しかしなにせ仕官してすぐの話ですので、「赤壁の戦い」で司馬懿が活躍するのは少し無理があります。兵を率いて戦場に出ることは考えられません。あったとしても曹操へ進言するくらいではないでしょうか。賈詡や荀攸という軍師がいましたから、そちらに助言する役目などが考えられます。どちらにせよ経験不足が否めません。
周瑜の計略を看破していたかも
荊州侵攻に同行していたとしたら、静かに地形や敵陣の状況などを観察していたはずです。黄蓋の偽りの投降も怪しいと見抜いていたかもしれませんし、現地調査を行い東南の風が吹くことも把握していたかもしれません。そう考えると不気味ですね。

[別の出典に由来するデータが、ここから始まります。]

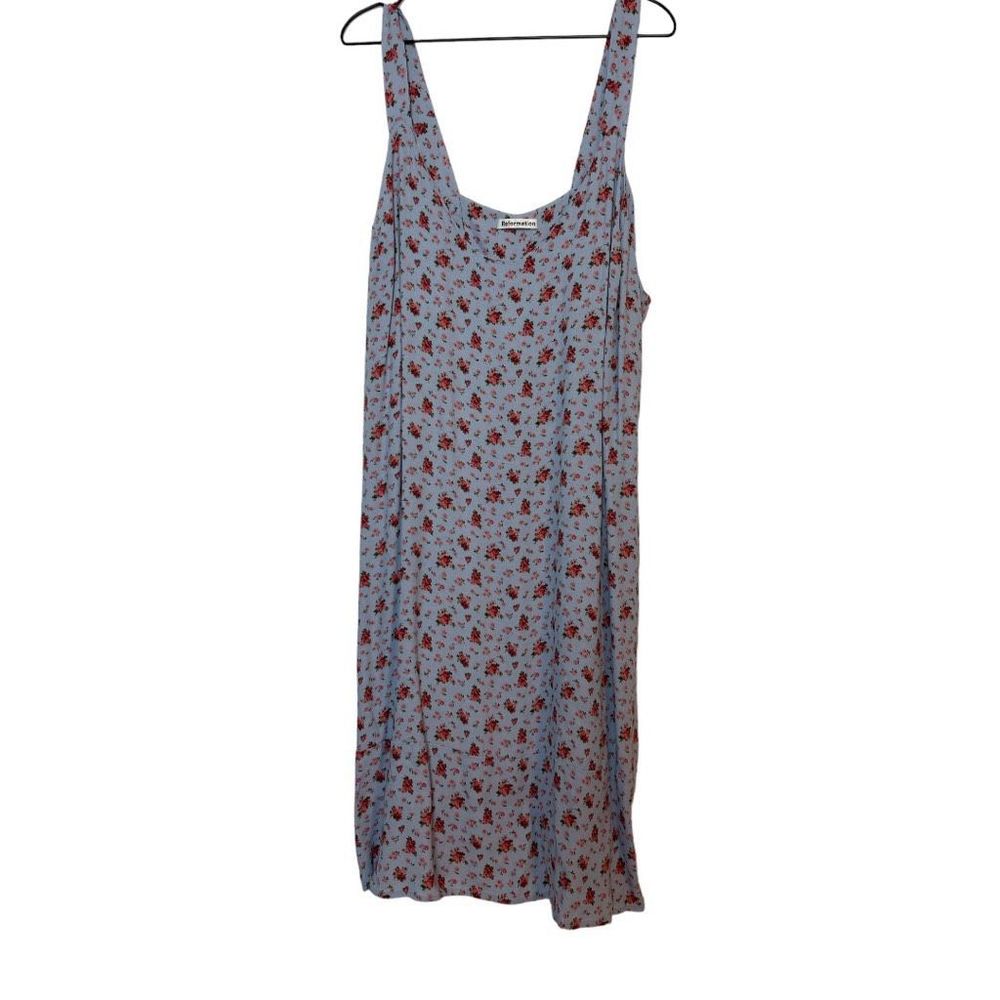 Reformation Altered Blue Floral Cami Dress 3X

でも司馬懿ならば考えらえます。果たして誰に進言したら信用してもらえるのだろうか、そもそも本当に誰も気が付いていないのか、このまま曹操が天下を平定してしまって本当にいいのだろうか、などなど司馬懿はいろいろなことを想定したかもしれません。
最善の結果は曹操が敗北し、もうしばらく戦乱の時代が続くことだったのではないでしょうか。この時すでに司馬懿は自分が皇帝になることを目標にしており、どうすれば近づけるのか自問自答していたかもしれません。
三国志ライター ろひもと理穂の独り言
あの曹操がそこまで警戒する人物ですから、司馬懿は図太くそこまで考えて献策しなかったのではないでしょうか。自分が飛躍できる時ではないという判断だったのでしょう。司馬懿は曹丕と接近し友好関係を結び、着実に戦場での経験も積み、魏を代表する将軍になるのですが、それは最も警戒していた曹操の死後のことです。
老練な司馬懿は魏国に絶大な勢力を築いていきます。蜀や呉が健在だったからこそ、司馬懿は活躍する機会に恵まれたのです。
赤壁の戦いに負けることが司馬氏の命運を開きました。